Buchanan’s “The Samaritan’s Dilemma” implies that Jesus has missed the real lesson of his own parable. Buchanan’s talk—and subsequent article—used the mathematical language of game theory to reevaluate impulses of generosity and mercy. The arid schemas of Cold War game theory, he explained, allowed him to avoid the “instant emotional reactions that my examples seem to arouse” when rendered as concrete narratives, like parables. Instead, to see what is truly at stake under the smoke-and-mirrors of alleged principles, he proposes a two-player game in which a “Samaritan” is pitted against a “potential parasite.” The Samaritan’s choices in this game are to help or not help; the parasite’s options are to work or not work, which gets us straight to the ideological heart of the matter (and far from empirical reality, in which cash transfers to the poor reduce poverty and poor health, not work).

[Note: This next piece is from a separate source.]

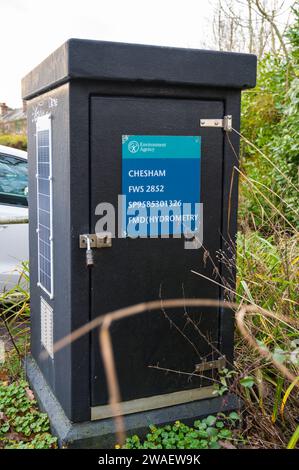 Environment Agency station hydrométrique surveillant le niveau et le débit sur la rivière Chess. Chesham, Buckinghamshire, Angleterre, Royaume-Uni Banque D'Images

American constitutional mechanisms for placing property beyond majority rule were crafted in part for the explicit purpose of protecting enslavement.

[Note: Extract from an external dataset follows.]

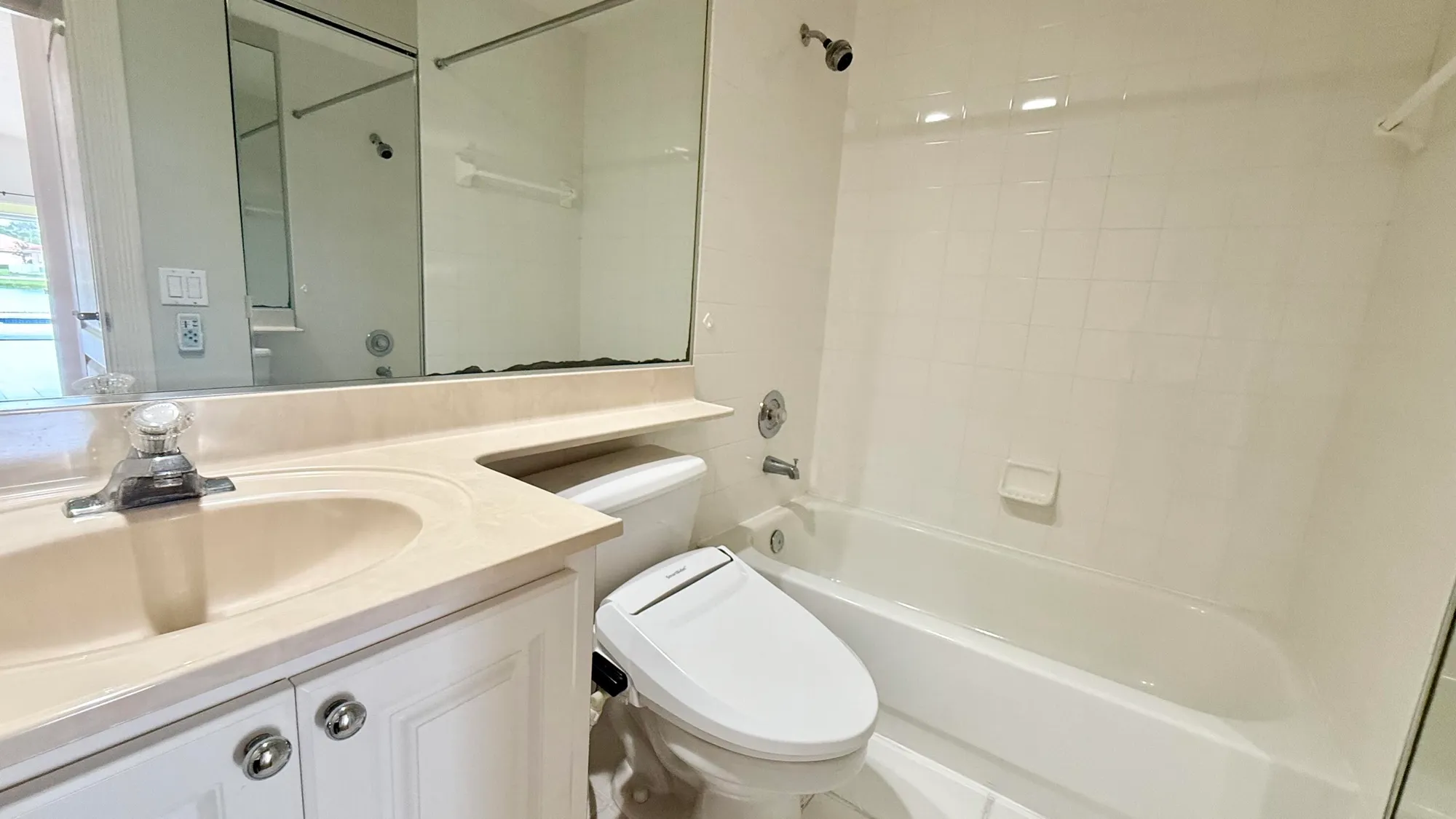 Property Slideshow image 10 of 53 | 2243 blue springs rd, West Palm Beach, FL, 33411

The harm at the center of this version is not the very concrete physical suffering of the robbers’ victim; rather, Buchanan is concerned with the psychic discomfort of the Samaritan who “may find himself seriously injured by the necessity of watching the parasite starve himself while refusing to work.” The battered man by the side of the road that Buchanan conjures with his title functions in the game not as the victim of malign forces beyond his control, but rather as a predator, out to exploit the gullible Samaritan’s weakness for assuaging the pain of others. As long as the parasite—the predator—can count on that weakness in his prey, he can “win” the game; that is, he can shirk work and yet strategically manipulate his victim into repeatedly extending aid. The hypothesis, Buchanan asserts, is that “modern man has become incapable of making the choices that are required to prevent his exploitation by predators of his own species.”

What King called “dangerous unselfishness” in his interpretation of the parable takes on a perverse cast in Buchanan’s hands: from the economist’s perspective, unselfishness is so dangerous that the only solution is to remove the Samaritan’s temptation to irrational charity by imposing inflexible rules that, by law, foreclose public compassion.

• • •

The Virginia School’s Antidemocratic Roots

In 1987, one of Buchanan’s colleagues, William Breit, lamented that insufficient attention had been paid to the contexts that produced the Virginia School and its game-changing ideas in the field. Specifically, Breit asserted, the social geography of Charlottesville, Virginia, merited careful analysis, because “what transpired there in the period from 1957 to 1968 was a clear-cut paradigmatic shift, the creation of a new school of thought. What was there about the milieu in Charlottesville that brought about this result?”

What indeed? MacLean accepts the invitation to consider how the ideas of public choice developed in dialogue with their environment, though she offers a more capacious definition of that environment: whereas Breit is interested in how the offices were arranged in the economics department, MacLean fills in a larger canvas. Just as Depression-era London helped shape Keynesianism—the example is Breit’s—Virginia’s nationally prominent stand against desegregation and voting rights was the inescapable context of public choice theory.

Jim Crow Virginia’s radical inequality in 1950 depended on deliberate structures originally erected to support slavery. Following the defeat of the chattel-based plantation economy and the domestic slave trade that built Virginia’s great fortunes, the Old Dominion’s propertied elite relied on voting restrictions to insulate their power from democratic pressure.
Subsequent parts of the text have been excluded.